**TASK STATEMENT:**
In the entries that follow, find the line containing "Stilfulde solbriller med BB0291S design"; from there, copy every line exactly through the line containing "Sambonet Velvet Besteckset".

+ + +

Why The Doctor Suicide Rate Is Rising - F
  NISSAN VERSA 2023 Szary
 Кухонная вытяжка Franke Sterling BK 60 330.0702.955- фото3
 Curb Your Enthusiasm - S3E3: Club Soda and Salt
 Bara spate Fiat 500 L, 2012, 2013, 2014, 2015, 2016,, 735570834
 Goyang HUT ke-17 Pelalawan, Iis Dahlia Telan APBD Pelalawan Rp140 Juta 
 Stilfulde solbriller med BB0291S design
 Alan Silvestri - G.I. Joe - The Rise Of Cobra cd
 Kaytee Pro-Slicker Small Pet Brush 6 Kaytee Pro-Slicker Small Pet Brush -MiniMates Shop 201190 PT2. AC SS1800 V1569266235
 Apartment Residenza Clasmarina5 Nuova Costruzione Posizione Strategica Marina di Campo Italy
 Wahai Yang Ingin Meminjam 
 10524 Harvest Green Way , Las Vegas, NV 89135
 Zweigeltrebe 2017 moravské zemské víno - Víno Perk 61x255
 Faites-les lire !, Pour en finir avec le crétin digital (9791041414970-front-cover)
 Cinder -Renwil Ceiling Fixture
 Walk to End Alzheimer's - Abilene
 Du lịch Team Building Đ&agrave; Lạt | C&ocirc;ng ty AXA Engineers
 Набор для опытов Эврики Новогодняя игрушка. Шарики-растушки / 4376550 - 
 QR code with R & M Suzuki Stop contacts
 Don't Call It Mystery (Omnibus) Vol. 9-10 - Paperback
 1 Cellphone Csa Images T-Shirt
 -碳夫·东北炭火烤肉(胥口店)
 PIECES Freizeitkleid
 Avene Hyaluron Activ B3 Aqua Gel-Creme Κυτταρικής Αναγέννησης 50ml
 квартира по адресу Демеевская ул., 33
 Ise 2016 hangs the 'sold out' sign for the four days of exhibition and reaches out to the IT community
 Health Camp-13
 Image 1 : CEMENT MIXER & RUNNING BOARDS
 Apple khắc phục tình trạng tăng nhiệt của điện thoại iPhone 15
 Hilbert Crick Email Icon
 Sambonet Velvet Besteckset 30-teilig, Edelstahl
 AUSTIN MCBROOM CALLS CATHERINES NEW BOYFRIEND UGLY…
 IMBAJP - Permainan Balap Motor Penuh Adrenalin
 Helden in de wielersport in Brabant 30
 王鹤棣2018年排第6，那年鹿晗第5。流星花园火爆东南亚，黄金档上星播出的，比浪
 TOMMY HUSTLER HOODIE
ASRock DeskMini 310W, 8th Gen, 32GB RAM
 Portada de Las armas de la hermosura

+ + +

**ANSWER BOX:**
 Stilfulde solbriller med BB0291S design
 Alan Silvestri - G.I. Joe - The Rise Of Cobra cd
 Kaytee Pro-Slicker Small Pet Brush 6 Kaytee Pro-Slicker Small Pet Brush -MiniMates Shop 201190 PT2. AC SS1800 V1569266235
 Apartment Residenza Clasmarina5 Nuova Costruzione Posizione Strategica Marina di Campo Italy
 Wahai Yang Ingin Meminjam 
 10524 Harvest Green Way , Las Vegas, NV 89135
 Zweigeltrebe 2017 moravské zemské víno - Víno Perk 61x255
 Faites-les lire !, Pour en finir avec le crétin digital (9791041414970-front-cover)
 Cinder -Renwil Ceiling Fixture
 Walk to End Alzheimer's - Abilene
 Du lịch Team Building Đ&agrave; Lạt | C&ocirc;ng ty AXA Engineers
 Набор для опытов Эврики Новогодняя игрушка. Шарики-растушки / 4376550 - 
 QR code with R & M Suzuki Stop contacts
 Don't Call It Mystery (Omnibus) Vol. 9-10 - Paperback
 1 Cellphone Csa Images T-Shirt
 -碳夫·东北炭火烤肉(胥口店)
 PIECES Freizeitkleid
 Avene Hyaluron Activ B3 Aqua Gel-Creme Κυτταρικής Αναγέννησης 50ml
 квартира по адресу Демеевская ул., 33
 Ise 2016 hangs the 'sold out' sign for the four days of exhibition and reaches out to the IT community
 Health Camp-13
 Image 1 : CEMENT MIXER & RUNNING BOARDS
 Apple khắc phục tình trạng tăng nhiệt của điện thoại iPhone 15
 Hilbert Crick Email Icon
 Sambonet Velvet Besteckset 30-teilig, Edelstahl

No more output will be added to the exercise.